On Fri, May 28, 2010 at 12:06 PM, Michael Segel wrote:
You can't do that.
Unfortunately, Mike is right.
The problem is that Hadoop is going to pick up your external IP address because that's what the machine name resolves to. Then your slave nodes are on the internal route and you don't see them.
Is it a bug? Maybe. More like a design defect.
Definitely in the design defect category. The host name handling /
binding code is... complicated and not ideal for these types of
The work around is to forget about using the second nic card for hadoop/hbase traffic. Or make the internal network match your machine name and its dns information. Then use the second ip address to communicate with the outside world.

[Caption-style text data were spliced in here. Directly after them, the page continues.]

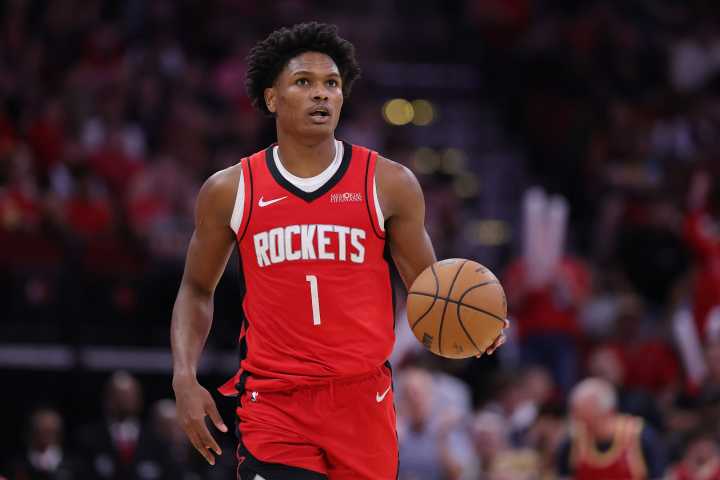 The Athletic: How Amen Thompson has become Rockets' floor raiser with his energy and athleticism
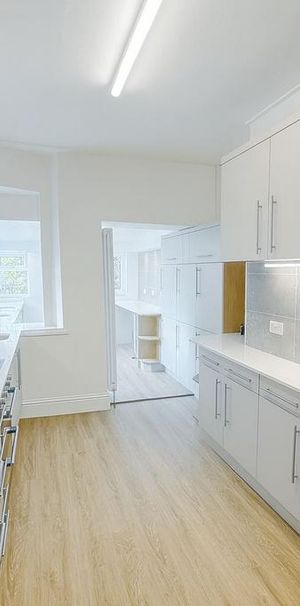 9 bedroom property to rent - Photo 1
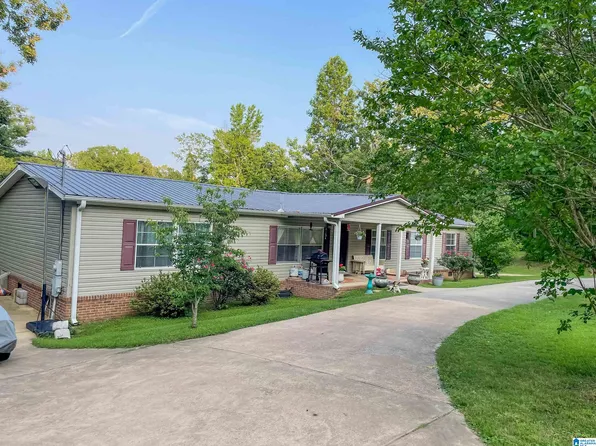 650 Oakwood Ln, Pell City, AL 35125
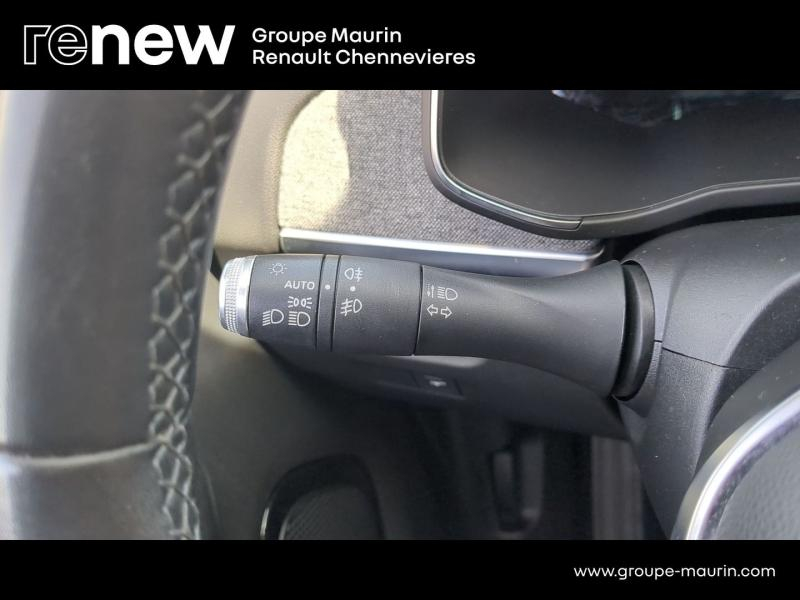 Photo 18 de l’annonce de RENAULT Zoe d’occasion à vendre à CHENNEVIÈRES-SUR-MARNE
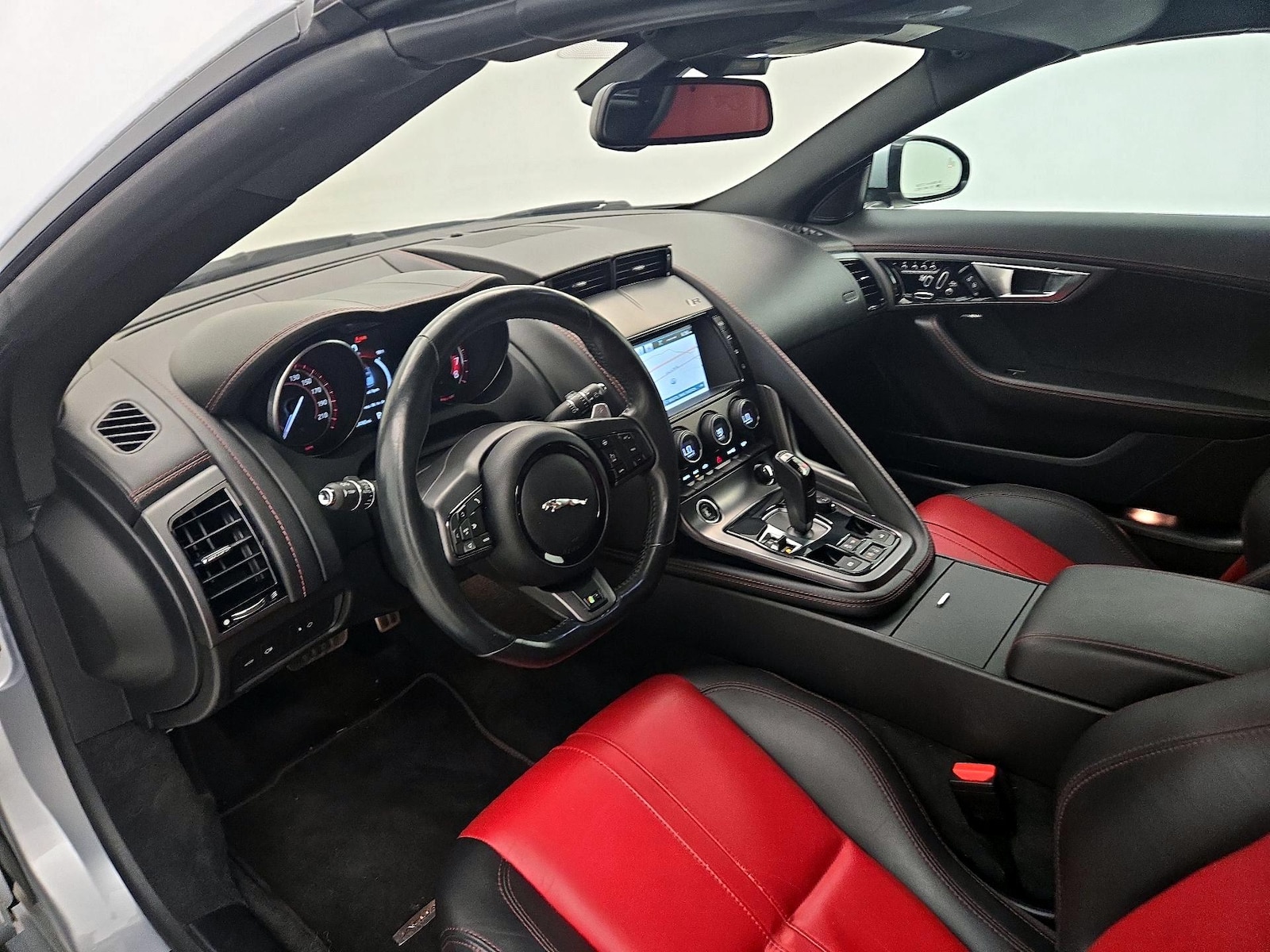 2017 Jaguar F-TYPE R - Photo 8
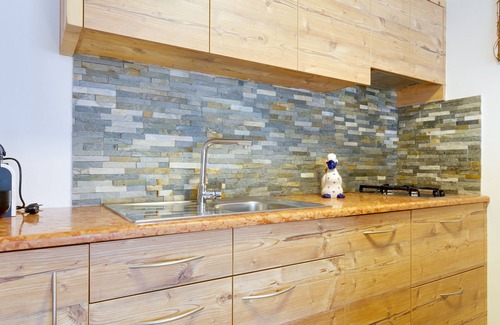 Pedraces Apartment | Crespula ApartmentThis spacious studio apartment for 2-3 people in alpine style.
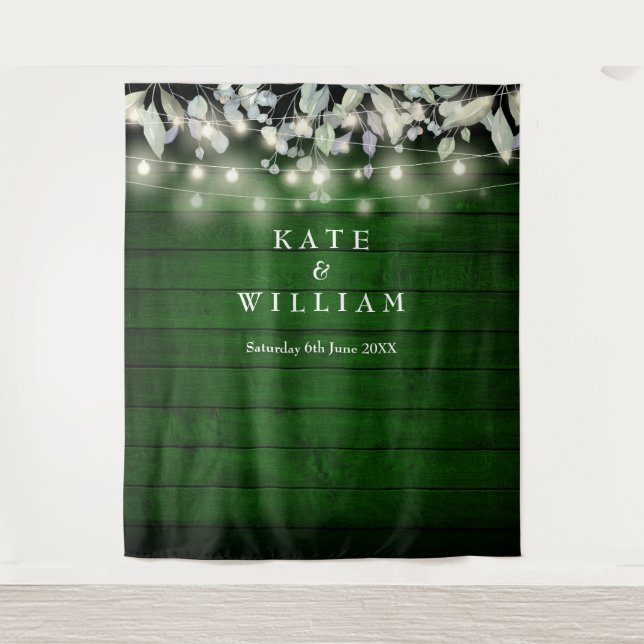 Hintergrund des Fotos "String Lights Green Wood" Wandteppich (Vorderseite)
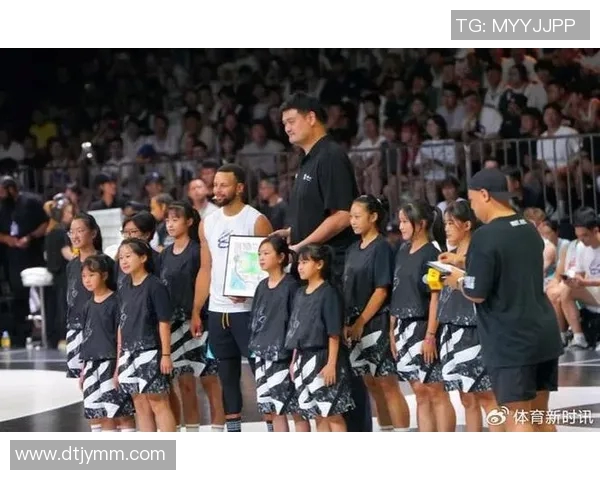 路边野球姚明的传奇人生与篮球梦想的交汇点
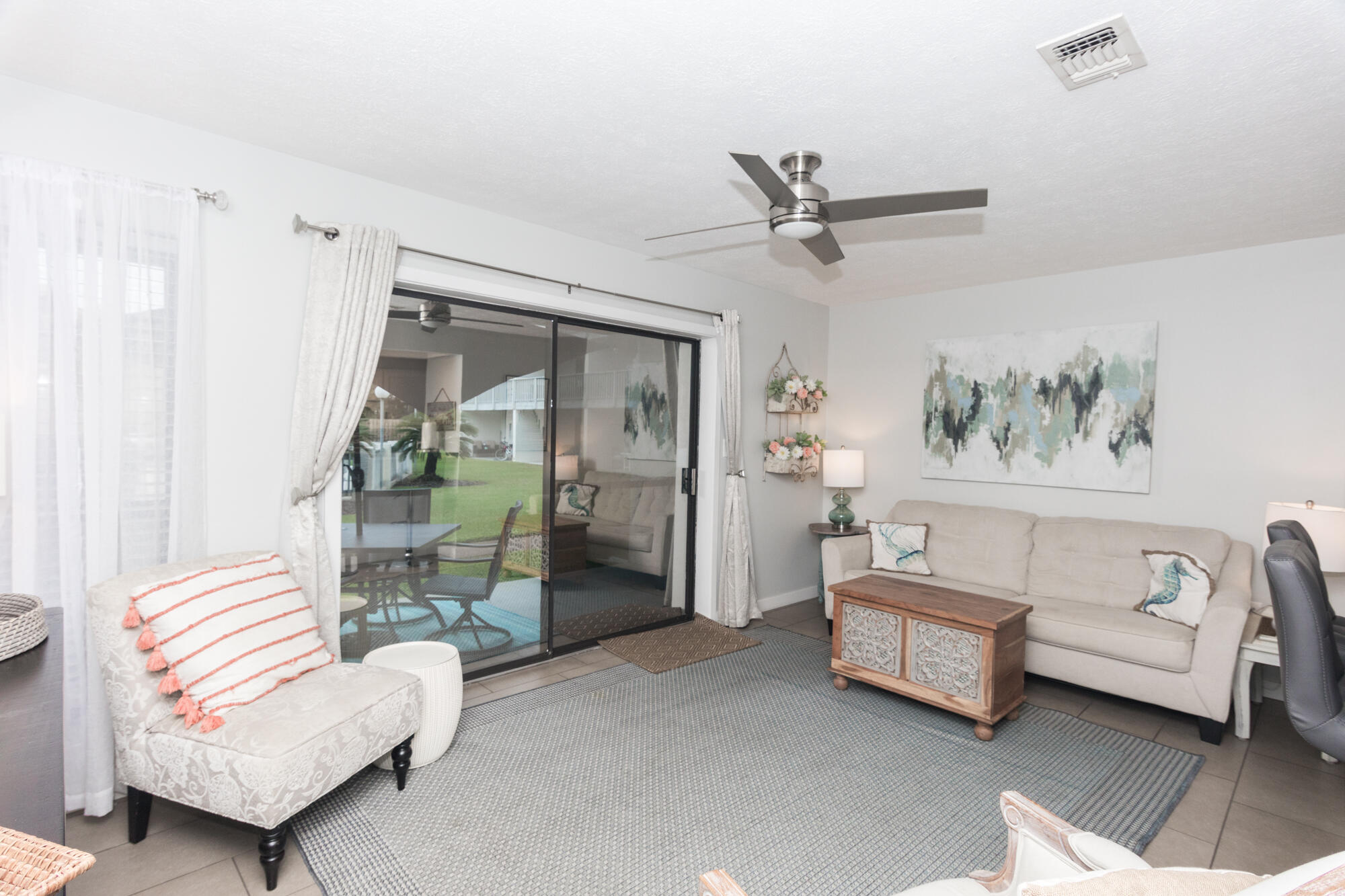 endless summer II - Residential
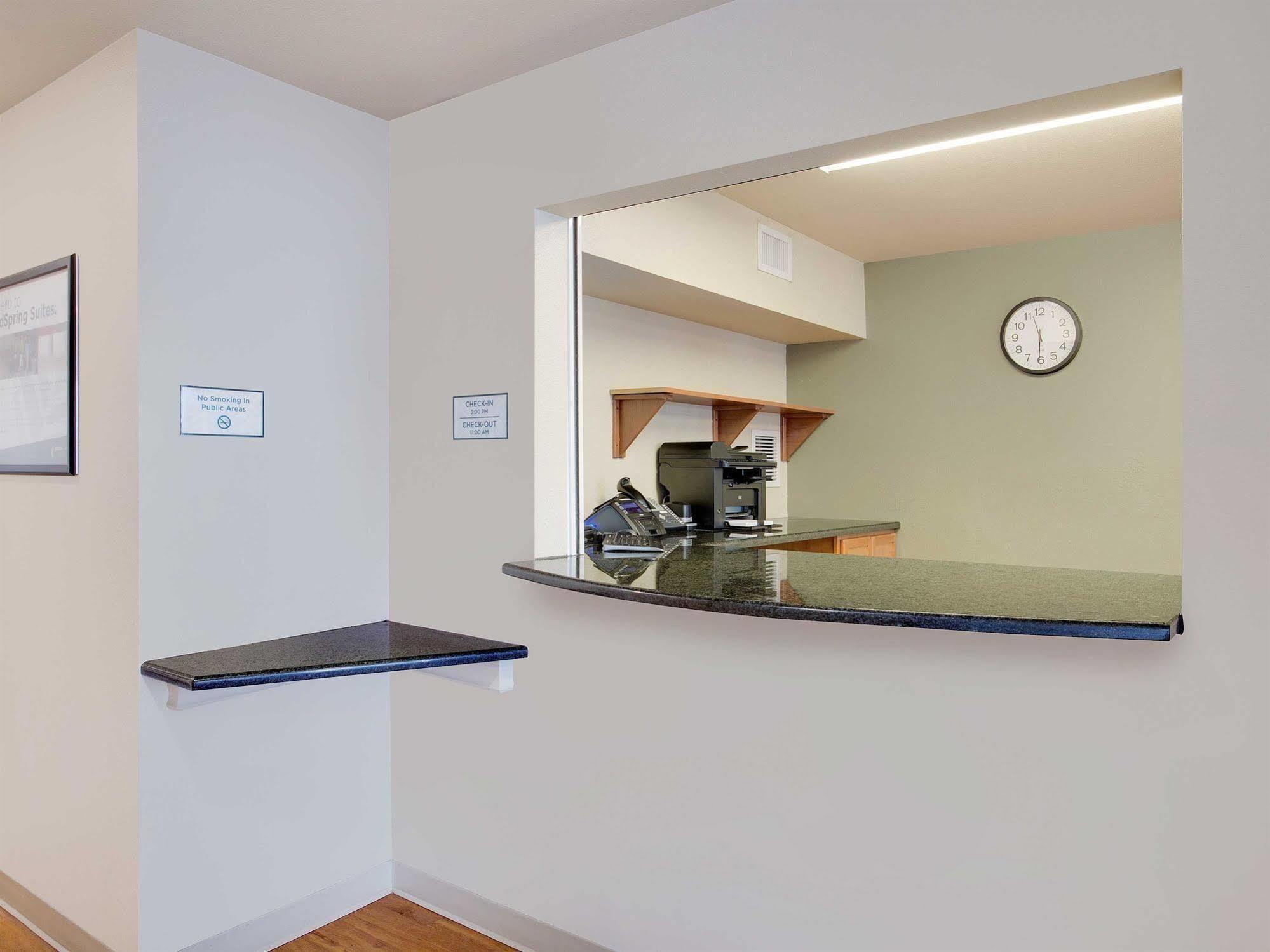 Woodspring North I-270 Hotel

So if your machine name is foo, and your dominiant ip address is on eth(0), you want foo.company.com to resolve to eth(0) and foo-ext.company.com
to resolve to eth(1). Its backwards but it should work.
IMHO, after looking at this issue, it really doesn't matter since the cloud shouldn't be getting a lot of external traffic except on the name node/job tracker nodes which could be multi-homed.
It might be useful in the case where you're streaming data off of HDFS
directly to clients rather than in the MR or HBase case. Data import /
export comes to mind. Remember that clients establish a direct
connection to data nodes so a multihomed NN is insufficient. In that
case, "external" doesn't necessarily mean a public (routable) IP, but
simply another network. We've seen use cases for this in some
installations. One example is a data aggregation or ingestion network
is separate from the Hadoop internal network and you'd like to get
data into HDFS.